Eu fiquei ali, mais um pouco, olhando para a mamãe e tentando sentir a presença dela de algum jeito. Eu queria que ela me dissesse mais uma vez que eu era a filha mais forte do mundo, mas eu sabia que não podia pedir isso, então, eu olhei para ela, com os olhos cheios de lágrimas, e falei baixinho, quase como um segredo:

— Eu vou ficar bem, mamãe, eu prometo, mais você vai ter que ir, vai descansar, porque eu sei que você está cansada...

Eu não sabia se ela estava ouvindo ou se alguma parte dela ainda estava ali, mas queria que ela soubesse que eu ia tentar, ia tentar ser forte.

[...]

Quando saímos da sala, ainda com a boneca de pano apertada entre as minhas mãos, eu não conseguia parar de pensar nela.

Ela estava indo embora, não queria que ela fosse, sempre foi a minha proteção, meu amor, meu tudo, agora, sem ela, como seria a minha vida?
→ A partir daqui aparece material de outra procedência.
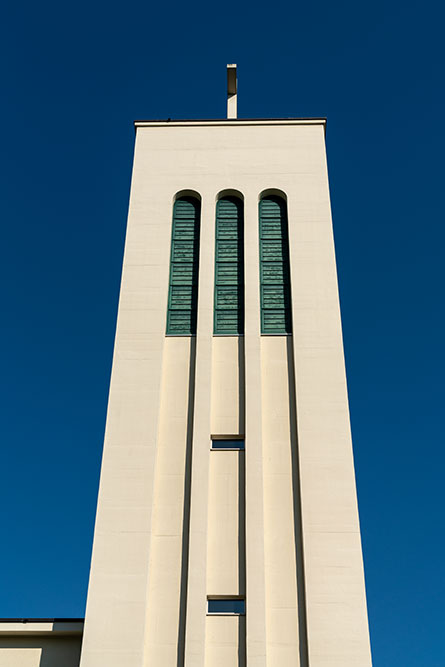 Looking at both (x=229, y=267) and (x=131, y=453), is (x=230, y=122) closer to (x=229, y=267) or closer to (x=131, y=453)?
(x=229, y=267)

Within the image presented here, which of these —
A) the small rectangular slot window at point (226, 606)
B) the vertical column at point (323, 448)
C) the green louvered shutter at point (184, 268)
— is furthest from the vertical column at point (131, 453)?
the vertical column at point (323, 448)

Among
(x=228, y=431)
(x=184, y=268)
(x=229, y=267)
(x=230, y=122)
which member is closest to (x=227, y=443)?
(x=228, y=431)

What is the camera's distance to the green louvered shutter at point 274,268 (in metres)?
21.4

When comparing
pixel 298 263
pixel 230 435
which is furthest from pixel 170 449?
pixel 298 263

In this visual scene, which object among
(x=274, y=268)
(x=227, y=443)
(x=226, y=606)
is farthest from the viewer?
(x=274, y=268)

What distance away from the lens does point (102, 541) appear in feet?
56.8

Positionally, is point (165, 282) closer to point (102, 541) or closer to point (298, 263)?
point (298, 263)

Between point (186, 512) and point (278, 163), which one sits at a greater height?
point (278, 163)

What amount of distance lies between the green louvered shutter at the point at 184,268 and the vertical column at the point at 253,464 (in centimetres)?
166

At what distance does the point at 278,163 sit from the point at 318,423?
10431 mm

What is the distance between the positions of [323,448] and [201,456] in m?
3.15

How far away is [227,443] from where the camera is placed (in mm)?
19234

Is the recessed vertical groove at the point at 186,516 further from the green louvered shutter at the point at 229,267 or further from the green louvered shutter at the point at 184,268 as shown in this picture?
the green louvered shutter at the point at 229,267

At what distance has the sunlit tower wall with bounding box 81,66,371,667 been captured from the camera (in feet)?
53.3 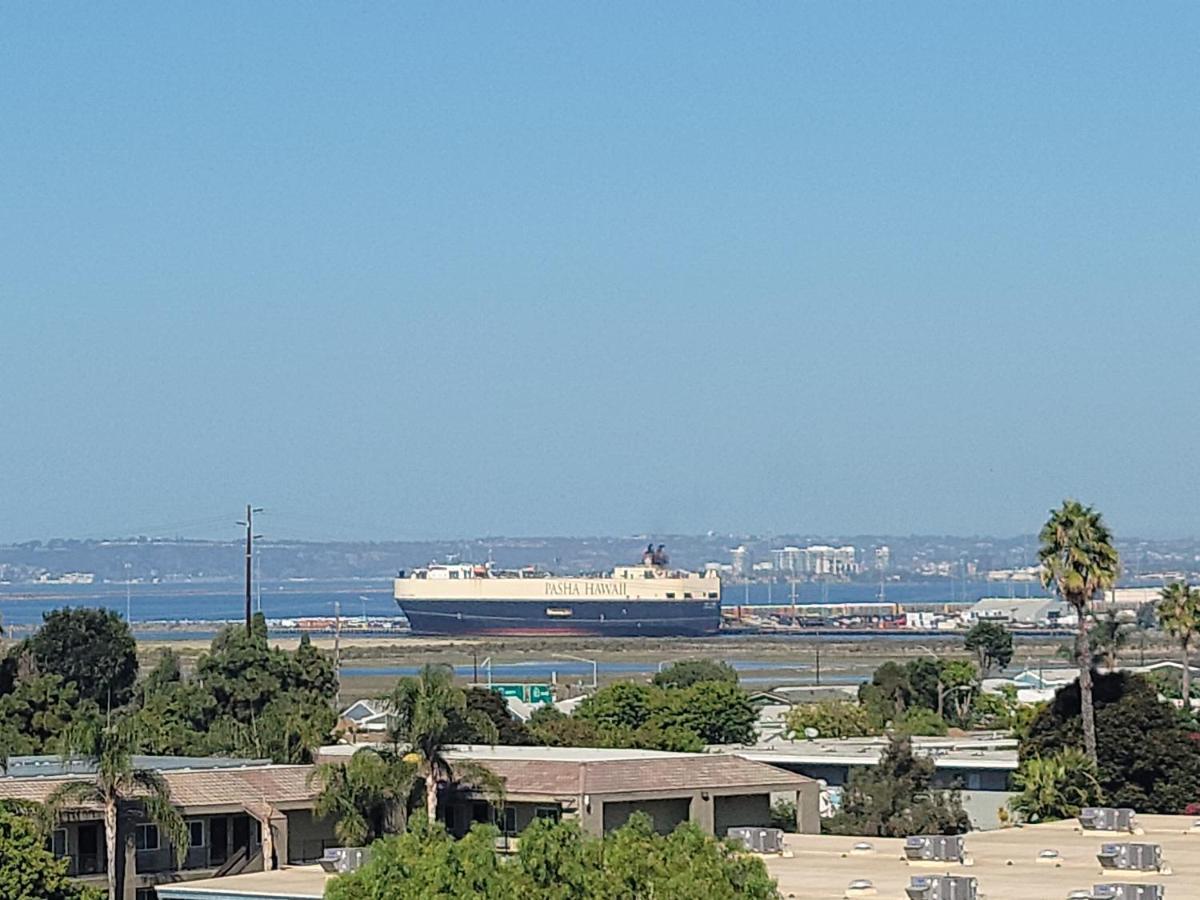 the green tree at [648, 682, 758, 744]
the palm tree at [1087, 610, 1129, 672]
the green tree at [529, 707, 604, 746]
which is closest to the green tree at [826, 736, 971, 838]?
the green tree at [529, 707, 604, 746]

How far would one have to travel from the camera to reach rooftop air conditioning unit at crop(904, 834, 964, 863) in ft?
137

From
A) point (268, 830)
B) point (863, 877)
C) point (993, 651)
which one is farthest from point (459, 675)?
point (863, 877)

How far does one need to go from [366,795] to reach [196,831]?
3.51 metres

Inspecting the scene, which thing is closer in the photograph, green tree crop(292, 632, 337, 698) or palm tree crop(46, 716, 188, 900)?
palm tree crop(46, 716, 188, 900)

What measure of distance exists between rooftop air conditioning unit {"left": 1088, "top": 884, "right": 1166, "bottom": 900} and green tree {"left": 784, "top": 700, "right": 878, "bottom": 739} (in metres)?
65.3

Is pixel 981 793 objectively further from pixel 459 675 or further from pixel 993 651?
pixel 459 675

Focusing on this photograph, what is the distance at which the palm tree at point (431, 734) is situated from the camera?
50.7 m

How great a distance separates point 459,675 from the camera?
194 m

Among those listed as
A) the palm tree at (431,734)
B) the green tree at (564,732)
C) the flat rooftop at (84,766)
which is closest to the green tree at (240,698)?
the green tree at (564,732)

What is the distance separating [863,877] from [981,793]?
35.2 m

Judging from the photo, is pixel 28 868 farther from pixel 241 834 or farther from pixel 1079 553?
pixel 1079 553

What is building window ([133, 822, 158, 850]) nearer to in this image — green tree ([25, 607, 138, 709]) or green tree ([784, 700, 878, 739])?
green tree ([25, 607, 138, 709])

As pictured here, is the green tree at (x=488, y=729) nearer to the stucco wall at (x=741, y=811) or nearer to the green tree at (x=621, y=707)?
the stucco wall at (x=741, y=811)

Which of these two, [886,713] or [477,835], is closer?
[477,835] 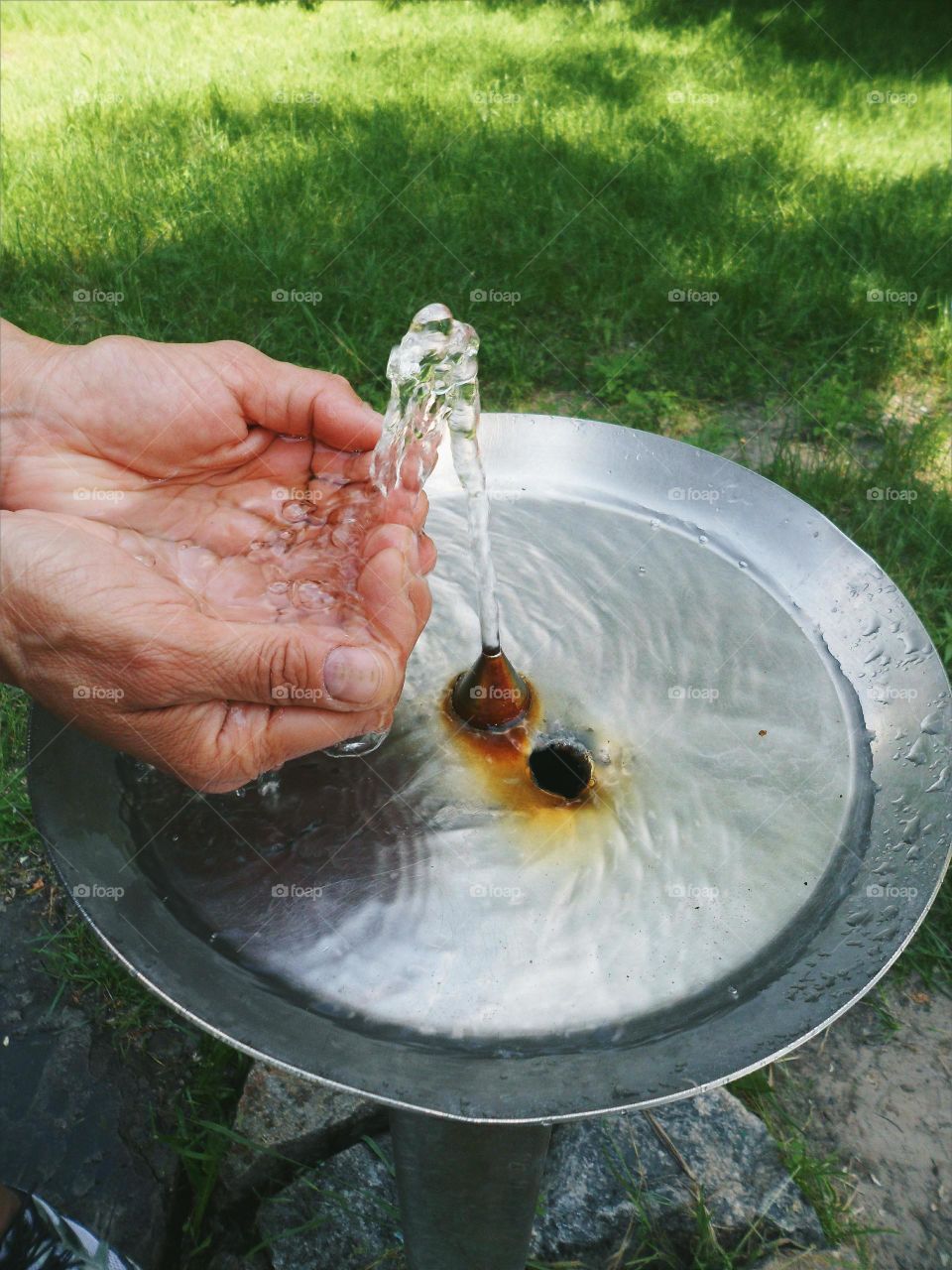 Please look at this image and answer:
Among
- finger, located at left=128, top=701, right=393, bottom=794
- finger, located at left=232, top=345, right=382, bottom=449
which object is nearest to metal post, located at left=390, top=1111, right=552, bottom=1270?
finger, located at left=128, top=701, right=393, bottom=794

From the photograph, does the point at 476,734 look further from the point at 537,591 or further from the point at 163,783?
the point at 163,783

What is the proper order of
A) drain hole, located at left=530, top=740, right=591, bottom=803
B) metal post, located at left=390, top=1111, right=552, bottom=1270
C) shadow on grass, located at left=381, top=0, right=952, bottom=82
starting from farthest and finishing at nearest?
1. shadow on grass, located at left=381, top=0, right=952, bottom=82
2. drain hole, located at left=530, top=740, right=591, bottom=803
3. metal post, located at left=390, top=1111, right=552, bottom=1270

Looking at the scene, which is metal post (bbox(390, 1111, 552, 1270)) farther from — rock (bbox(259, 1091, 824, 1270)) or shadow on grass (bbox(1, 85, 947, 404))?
shadow on grass (bbox(1, 85, 947, 404))

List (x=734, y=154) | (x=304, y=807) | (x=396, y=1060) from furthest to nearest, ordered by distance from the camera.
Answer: (x=734, y=154)
(x=304, y=807)
(x=396, y=1060)

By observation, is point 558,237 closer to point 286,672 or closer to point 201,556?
point 201,556

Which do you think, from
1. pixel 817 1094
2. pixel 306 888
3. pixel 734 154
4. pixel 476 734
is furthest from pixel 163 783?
pixel 734 154

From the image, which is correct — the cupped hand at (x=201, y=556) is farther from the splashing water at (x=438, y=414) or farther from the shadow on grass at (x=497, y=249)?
the shadow on grass at (x=497, y=249)

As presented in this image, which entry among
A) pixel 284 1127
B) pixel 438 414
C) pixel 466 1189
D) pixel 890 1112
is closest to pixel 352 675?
pixel 438 414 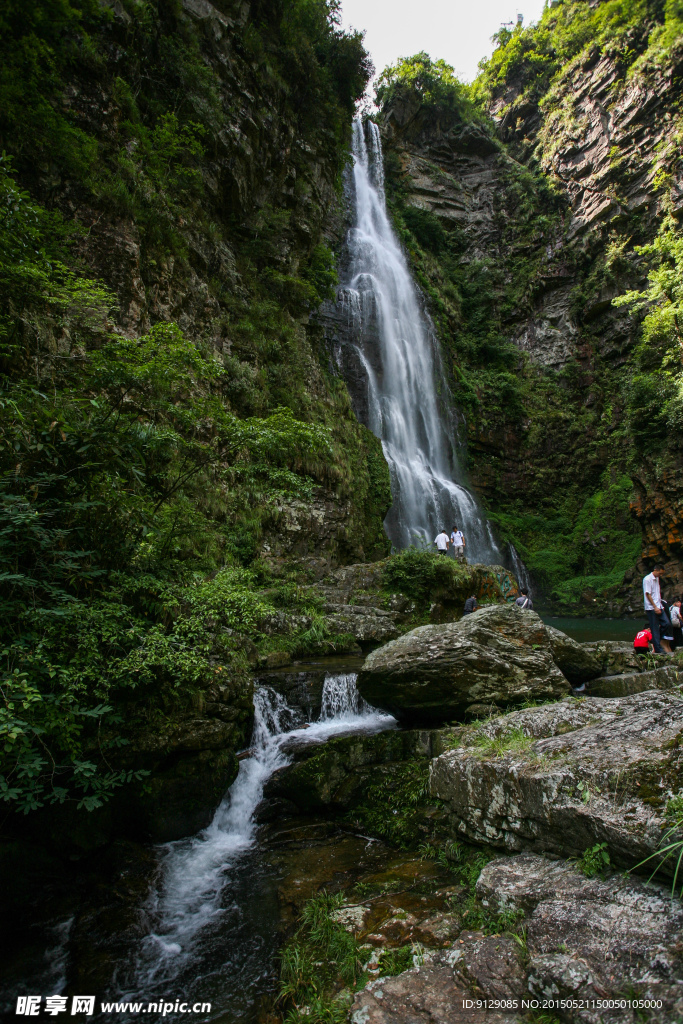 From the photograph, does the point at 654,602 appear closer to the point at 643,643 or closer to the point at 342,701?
the point at 643,643

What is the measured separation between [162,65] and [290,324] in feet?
22.7

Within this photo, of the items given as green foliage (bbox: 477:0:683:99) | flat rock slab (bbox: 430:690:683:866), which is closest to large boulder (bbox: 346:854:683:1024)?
flat rock slab (bbox: 430:690:683:866)

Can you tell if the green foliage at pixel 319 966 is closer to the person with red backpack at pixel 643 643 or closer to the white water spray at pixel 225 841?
the white water spray at pixel 225 841

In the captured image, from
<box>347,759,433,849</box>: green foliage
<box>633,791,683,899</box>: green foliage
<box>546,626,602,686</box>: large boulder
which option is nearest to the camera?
<box>633,791,683,899</box>: green foliage

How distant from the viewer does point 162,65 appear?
1199 centimetres

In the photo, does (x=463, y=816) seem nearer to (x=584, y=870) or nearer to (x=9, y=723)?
(x=584, y=870)

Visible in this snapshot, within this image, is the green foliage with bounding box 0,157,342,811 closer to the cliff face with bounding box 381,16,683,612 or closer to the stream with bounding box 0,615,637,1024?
the stream with bounding box 0,615,637,1024

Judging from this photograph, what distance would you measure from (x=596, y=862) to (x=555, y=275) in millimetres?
30790

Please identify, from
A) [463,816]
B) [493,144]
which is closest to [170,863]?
[463,816]

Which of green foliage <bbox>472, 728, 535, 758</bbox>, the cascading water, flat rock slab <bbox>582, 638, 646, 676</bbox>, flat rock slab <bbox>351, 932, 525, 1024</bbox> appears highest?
green foliage <bbox>472, 728, 535, 758</bbox>

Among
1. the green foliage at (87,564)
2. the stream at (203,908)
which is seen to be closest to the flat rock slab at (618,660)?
the stream at (203,908)

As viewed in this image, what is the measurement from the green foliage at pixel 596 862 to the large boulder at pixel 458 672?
9.61 ft

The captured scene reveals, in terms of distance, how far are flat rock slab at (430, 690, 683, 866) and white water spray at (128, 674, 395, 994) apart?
7.29 feet

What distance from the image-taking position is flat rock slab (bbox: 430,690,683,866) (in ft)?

Eu não sabia, mas eu queria acreditar que, de alguma forma, ela ainda estaria comigo.

Eu olhei para Tia Kathy, ela estava olhando para mim com um sorriso triste, como se estivesse sentindo tudo o que eu sentia. Ela não disse nada, só apertou a minha mão, como se soubesse que não precisava de palavras para me acalmar, tentou me confortar, sabia que eu queria que mamãe voltasse, que ela estivesse ali, me abraçando, me dizendo que eu ia ser forte para sempre, mas no fundo, sabíamos que a mamãe não ia voltar.

E, com tudo isso na cabeça, eu ainda apertava minha boneca de pano, como se ela fosse a última coisa que me conectava com a minha mãe. Mesmo com tanta dor, eu queria acreditar que, com o tempo, a saudade iria se transformar em algo que eu conseguiria carregar. Talvez, algum dia, eu entenderia tudo, mais naquele momento eu havia entendido que nem todas as perguntas têm respostas claras, mas que o amor da minha mãe sempre estaria comigo, mesmo que o passado dela ainda fosse um mistério para mim.